Julia Feine presented hers and Ayṣem Merts article “Fantastic oceans – an analysis of ocean fantasies at the start of the Ocean Science Decade”.


31st March 2023

Online

Book launch: The Palgrave Handbook of Global Politics in the 22nd Century

Our researcher Ayşem Mert co-edited alternative imaginaries book “The Palgrave Handbook of Global Politics in the 22nd Century”. Friday the 31st of March 2023 the book launch took place.

In the online launch event moderated by Sonia Lucarelli (Bologna), the book editors Franziska Müller (Hamburg) and Laura Horn (Roskilde) provided a brief outline of book, highlighting what academic science fiction can contribute to IR. Several contributors offered flashtalk presentations of their chapters, and then there was a Q&A.

Part of the book were several artistic illustrations, a few of which you can see down below.

Hiroko Tsuchimoto for Chaper 12 by Peter Christoff & Ayşem Mert
Shades of Democracy in the Post-Anthropocene
Thomas Østergaard Poulsen for Chapter 9 by Jakub Zahora
Ignored Histories, Neglected Regions: Origins of the Genosocial Order and the Normative Change Reconsidered
Thomas Østergaard Poulsen for Chapter 23 by Karim Zakhour
The Origins of AGE: From States and Markets to Scientific Methods
27th-30th March 2023

Amsterdam

EPOC 2023 Amsterdam Workshop and Research Co-Creation Sessions

End of March our research team met with the societal participants assembly members, other stakeholders and many more to work on the project. The meeting took place at the UVA Humanities Venture Lab.

In various co-creation workshops the team worked three days on the future of EPOC. We also conducted a shared walks-session.

Research Co-creation Workshops

These aim to establish dialogue and information flow between researchers and stakeholders, who co-produce parts of our research. Key stakeholders to the HLPF and the SDGs as well as activists, thinkers, and citizens from various related networks are invited to provide their input through reflection sessions and focus groups.

  • In the reflection sessions, stakeholders assist researchers to generate and interpret themes, identify priorities and turning points, and reflect on what they think would be a good way to think, explore, and share the research.
  • In the focus groups the priorities of the researchers provide the structure of the agenda, and the stakeholders provide more traditional input.
Shared Walks

Shared Walks is an initiative that opens a playful space for the exploration of the environment and others by walking. Based on this artistic/urban/participatory methodology, Shared Walks / Climate Change Edition* was developed to respond to the climate emergency by walking and exploring urban and rural environments to trace our experiences about the influences of climate change and the relationships between the human psyche and the more-than-human environment. For more information about the methodology go to the website http://www.sharedwalks.com/ClimateChangeEdition.html.

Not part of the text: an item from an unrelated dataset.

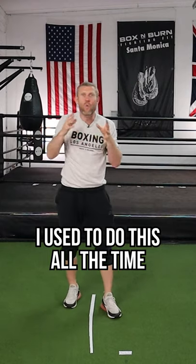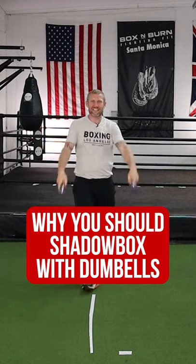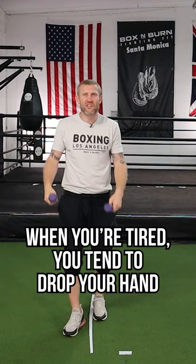A couple of things you can do when shadow boxing is grab a pair of dumbbells. I used to do this all the time in training, even when I didn't have bad hands. What this is going to do is develop your shoulder strength and shoulder stamina. If you've ever gotten tired in boxing, you'll notice one of the first things you start doing is dropping your hands.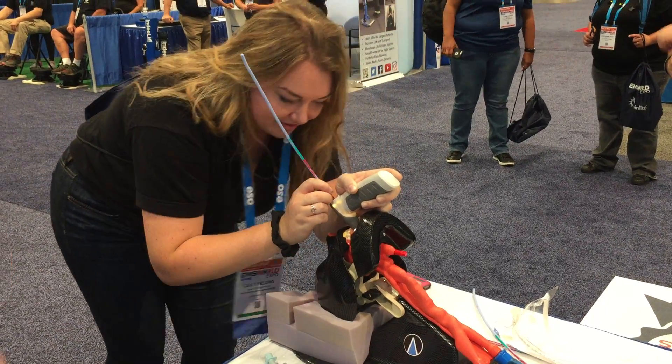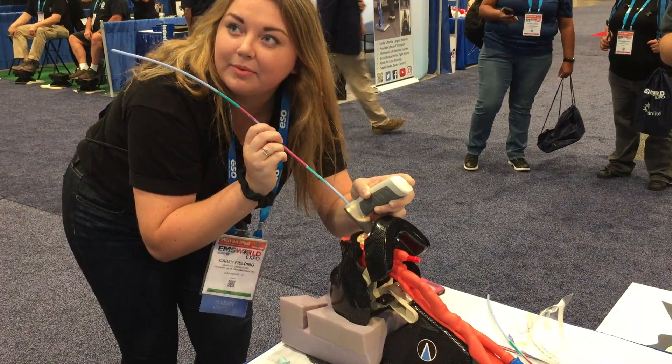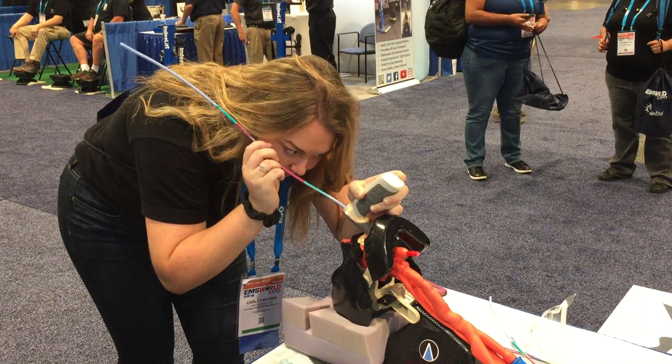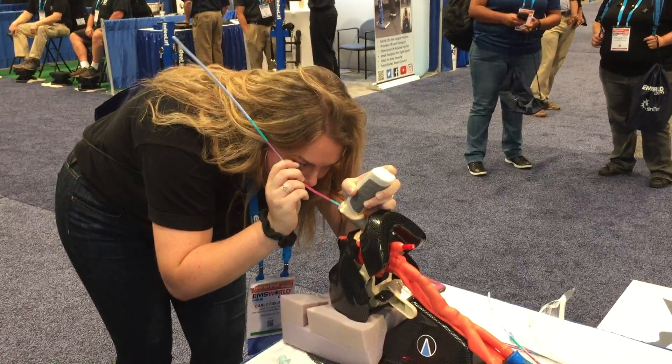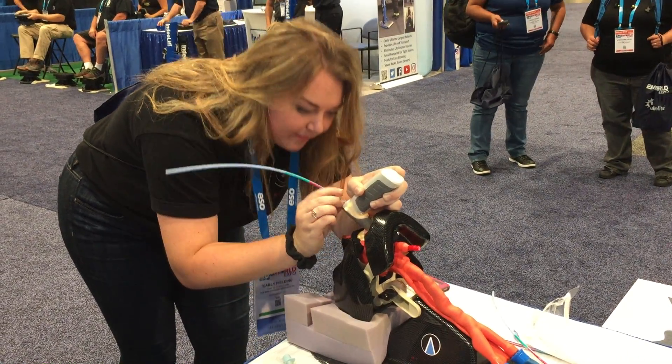We're on direct visualization. You should be knowing exactly where you're passing it. And it goes in the white part? Yep, put it in right between the white parts. There you go. Once it's in, take the scope out, but leave the blue thing in.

* Shared Walks was initiated in Vienna in 2018 by Eylem Ertürk and Bernd Rohrauer. Shared Walks / Climate Change Edition was developed in 2020/2021 by Eylem Ertürk in collaboration with Dr. Ayşem Mert, for the EPOC project.

23rd-24th March 2023

Palace of the Academies; Brussels

Discourse Theory: Ways Forward – Colloqium

The second iteration of the “Discourse Theory: Ways Forward” colloqium took place in Brussels the 23rd and 24th of March. The EPOC team took part various panels.

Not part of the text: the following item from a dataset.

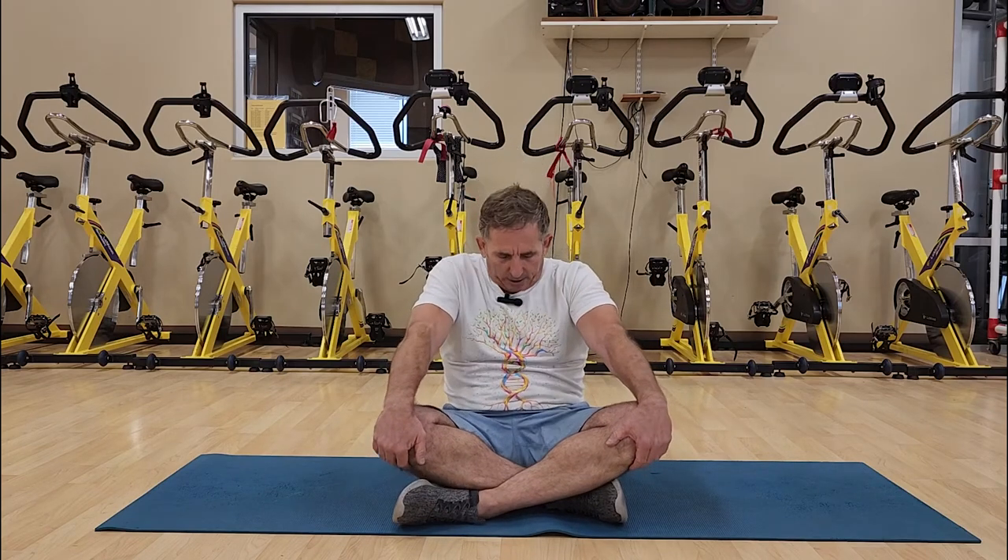You'll notice that while we're grabbing our shins, it is primarily the lower back that is being flexed. Now we're going to grab our knees and you'll find that the flex moves to the mid-back. Again, breathing in and then exhaling, breathing in, bringing ourselves through our straight arms, exhaling.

The event included a session on the EPOC project with three papers from the research team.

Julia Maria Charlotte Feine & Ayşem Mert: The role of fantasies in reaching “the Oceans We Want”

Jelle Behagel: Fantasizing about the world and nature

Elise Remling: Putting the world back on track: political fantasies of “recovering” the SGDs in the face of multiple crisis”

21st of March 2023

Online

Futuring Global Politics – or why everyone should write science-fiction

Based on the newly puhlised “Palgrave Handbook of Global Politics in the 22nd century” Franziska Müller and Isabella Hermann spoke about why scholars of International Studies use science-fiction as a method to imagine the world a hundred years in the future. Ayṣem Mert supported them.

12th of January 2023

Online

Radical biodiversity politics: COP15 & Beyond

Our Researcher Jelle Behagel was on the roundtable “Radical biodiversity politics: COP15 & Beyond”. It took place Thursday the 12th of January from 18:00 to 19:30 CET.

1-4 September 2022

Panteion University Athens

15th EISA Pan-European Conference on International Relations

The 15th EISA Pan-European Conference on International Relations was held in Athens. The EPOC team has taken part in various functions.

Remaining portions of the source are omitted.